Last weekend we were in San Antonio, and this weekend we were in Dallas. I would have mentioned that on here, but Mr. Incredible doesn't think it is wise to tell the world that we are away from our home. Wise man. :)
I love all things dairy. When I was 5, I won the title "Little Miss Houston." During the pageant they read out your likes and dreams, etc.
My favorite foods: Fried Cheese, Grilled Cheese, and Macaroni and Cheese. Gee, thanks Mom! lol
If I had to pick two things to eat for the rest of my life, I would choose pizza and ice cream. And I LOVE to eat big bowls of cereal all throughout the day.
So, you can imagine my shock at the thought that I may be Lactose Intolerant.
Last Sunday, on the way home from San Antonio, I started to feel ick. No problem. I came home and ate dinner, and by that evening I started to feel REALLY bad! My stomach was literally sticking out, (no gas just massive bloat), and I had major cramps like I needed to go to the bathroom. Well, I never got sick, but I sure felt horrible. The next day I ate barely anything thinking I was sick. The next day I ate cereal, and this time I actually got sick. This continued back and forth throughout the week. I have come to the conclusion that it has been dairy that has been making me sick.
I am so bummed! I LOVE all things dairy!
I am probably the pickiest eater out there, and this significantly lessens my scope of what to eat.
Now, before I go on- I am not a DR but I know that DRs always say, "first change your diet and exercise before we start any meds," so that is what I am going to do. If this continues with a change of diet, then I will go to the DR.
I think I am being punished by God- punished by His grace.

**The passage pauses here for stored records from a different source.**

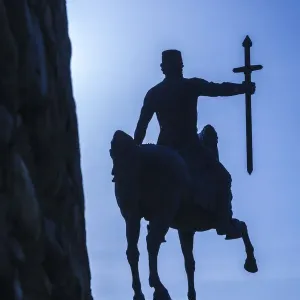 Georgia, Kakheti, Telavi. Statue of King Erekle II Georgia, Kakheti, Telavi. Statue of King Erekle II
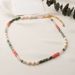 Spring New Color Irregular Natural Stone Bead Ethnic Necklace With High-end Feel, Layered Forest Style Collarbone Chain_ipsvogv.com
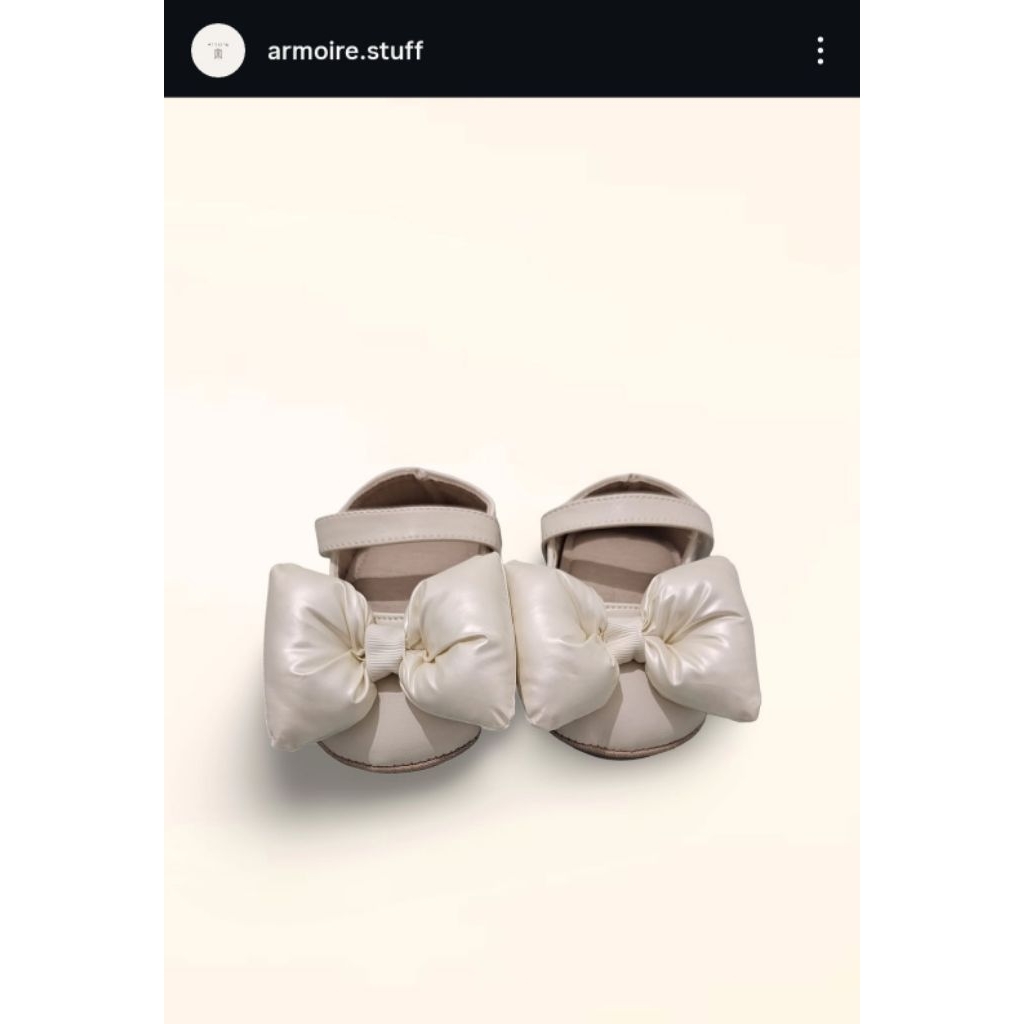 Baby Girl Shoes with ribbon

You see, as a believer in Christ- when you get saved, the Holy Spirit comes to live inside you. It helps you to live a different life, forsake sins, and to grow in holiness.
I am in no ways perfect. BUT, it would be disrespectful to the Holy Spirit to not acknowledge that I have grown immensely, and have forsaken many sins.
With that being said, there is one sin that I have struggled with for years, and I have had a hard time forsaking it.
I just can't get rid of it. I think that is why God is punishing me by His grace.
You see, I am sinning against Him. Instead of allowing me to keep abusing my body and sinning against Him, He has made a way for me to give up that which I have clung so dearly to. He easily could have allowed me to give this up on my own- that would have taken a long time, and would have been a hard struggle for me. Seeing how weak I am, He has once again stepped in, covered me by His grace, and took away the sin from me.
Do I really want to have Lactose Intolerance? No. BUT, lets face it, is there any other way that I could stop eating pizza and ice cream on a regular basis? No. My self control is not that strong.
Even in this "horrible" thing, I can still see God's grace in it. It is so awesome to serve the King of Kings!